Dissatisfied composers / sci-fi nerds Daníel Bjarnason and Ben Frost decided that the soundtrack to their favourite sci-fi film, Solaris, just wasn't good enough and that they'd re-score it. Solaris, Andrei Tarovsky's 1973 emotional Soviet rollercoaster, is widely considered to be one of the best sci-fi movies in the history of cinema. Not seen it? Introducing psychology, emotion and depth to the previously face value genre, as the space station hung in orbit of the planet Solaris, the crew began to lose themselves, ever delaying their collective mission. The film was premiered at the 1972 Cannes Film Festival, where its Russian director -- known for his dreamlike reflections of real life -- won the Grand Prix Special du Jury and was nominated for the Palme d'Or.

Not satisfied with the original soundtrack sampling the work of Bach, Icelandic Daníel Bjarnason and Reykjavik-based Aussie Ben Frost decided to give it a go themselves. Sort of like in Netflix's Love where Gus and his mates hang out making theme songs for films that don't have them, but sort of not because these guys are professionals. Like, professionals to the extent that Daniel has had his orchestral works commissioned by the Los Angeles Philharmonic, is currently artist in residence with the Iceland Symphony Orchestra, and has worked on various Sigur Ros albums (of course he has). Ben Frost, meanwhile, is a composer of classical minimalism/black metal-inspired experimental music and scored choreographer Wayne McGregor's CBE project for the Royal Opera House.

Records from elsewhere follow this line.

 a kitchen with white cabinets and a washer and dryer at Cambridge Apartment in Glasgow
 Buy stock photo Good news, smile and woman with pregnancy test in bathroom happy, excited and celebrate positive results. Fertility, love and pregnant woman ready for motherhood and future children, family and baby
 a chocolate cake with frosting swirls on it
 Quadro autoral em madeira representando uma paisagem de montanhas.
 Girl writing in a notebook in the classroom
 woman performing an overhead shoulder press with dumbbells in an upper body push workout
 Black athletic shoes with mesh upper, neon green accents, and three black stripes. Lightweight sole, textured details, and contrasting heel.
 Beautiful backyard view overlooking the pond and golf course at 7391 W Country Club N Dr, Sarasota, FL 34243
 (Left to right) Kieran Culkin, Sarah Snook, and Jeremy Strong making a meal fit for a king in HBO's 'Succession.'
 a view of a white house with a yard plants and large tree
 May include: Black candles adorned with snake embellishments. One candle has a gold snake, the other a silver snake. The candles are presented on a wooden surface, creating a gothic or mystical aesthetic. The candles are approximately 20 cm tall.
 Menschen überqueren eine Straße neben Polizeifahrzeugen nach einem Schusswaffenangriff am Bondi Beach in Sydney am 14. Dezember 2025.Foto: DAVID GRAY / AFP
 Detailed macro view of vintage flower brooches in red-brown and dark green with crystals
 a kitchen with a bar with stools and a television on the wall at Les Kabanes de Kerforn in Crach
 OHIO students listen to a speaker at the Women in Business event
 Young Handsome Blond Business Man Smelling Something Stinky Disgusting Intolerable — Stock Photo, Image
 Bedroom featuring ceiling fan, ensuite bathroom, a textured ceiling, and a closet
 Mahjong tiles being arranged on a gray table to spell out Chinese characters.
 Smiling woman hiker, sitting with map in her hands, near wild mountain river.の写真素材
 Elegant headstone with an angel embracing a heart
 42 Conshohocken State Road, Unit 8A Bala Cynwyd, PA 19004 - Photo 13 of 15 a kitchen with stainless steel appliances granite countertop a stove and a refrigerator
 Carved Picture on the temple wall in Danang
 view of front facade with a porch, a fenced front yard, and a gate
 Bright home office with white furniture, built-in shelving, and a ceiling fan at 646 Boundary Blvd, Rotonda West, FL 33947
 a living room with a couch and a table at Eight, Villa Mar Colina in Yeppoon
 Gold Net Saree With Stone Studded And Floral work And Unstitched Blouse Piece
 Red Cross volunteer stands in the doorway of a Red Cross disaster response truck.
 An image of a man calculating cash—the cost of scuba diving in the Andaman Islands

Rather fittingly, their project Music For Solaris was created by feeding initial improvisations through a software that attempted to fix their disturbing distorted alien landscape of a production. The result? A hybrid of typical sci-fi synth sounds with the organic humanity of an orchestra. Coinciding with The Barbican's Into The Unknown exhibition -- a treasure trove of sci-fi comic books, film props, and documented ideas of utopia/dystopia (on until 1 September, full of alien heads) -- the duo are bringing the project to the brutalist venue next Saturday 29 July. The performance will be accompanied by visuals by their friend Brian Eno. Using fraction of a second clips from the film, Eno has manipulated them, assigning new meanings and feelings to the film entirely. It's pretty out of this world.

We called on Ben Frost to share his favourite sci-fi soundscapes.

Mica Levi, Lipstick to Void (Under The Skin, 2015)
"This score is in a league of its own. It's music written with the idea that it's a kind of alien interpretation of 'human' music. Mica went all the way with this one and really nails the sound of what they call the 'uncanny valley' -- where our human brains reject something that tries too hard to be human."

Edward Artemiev, Meditation (Stalker, 1979)
"I love this score. I like to listen to it when I'm cooking."

Jerry Goldsmith, Hypersleep, (Alien, 1979)
"I've gone over in my head so many times why this music works so well in this context, because when you listen to it in isolation it doesn't necessarily say 'space movie'. In fact there's barely anything about this music that says 'science fiction'. Woodwinds anyone? In isolation it sounds not far removed from his score for Chinatown, another score which forever changed my game."

Brad Fiedel, It's Over Goodbye (Terminator II, 1991)
"There are entire chat rooms dedicated to dissections of the meter in this music; it's a twisted Juilliard graduate rabbit hole. Also, I'm not crying, you are."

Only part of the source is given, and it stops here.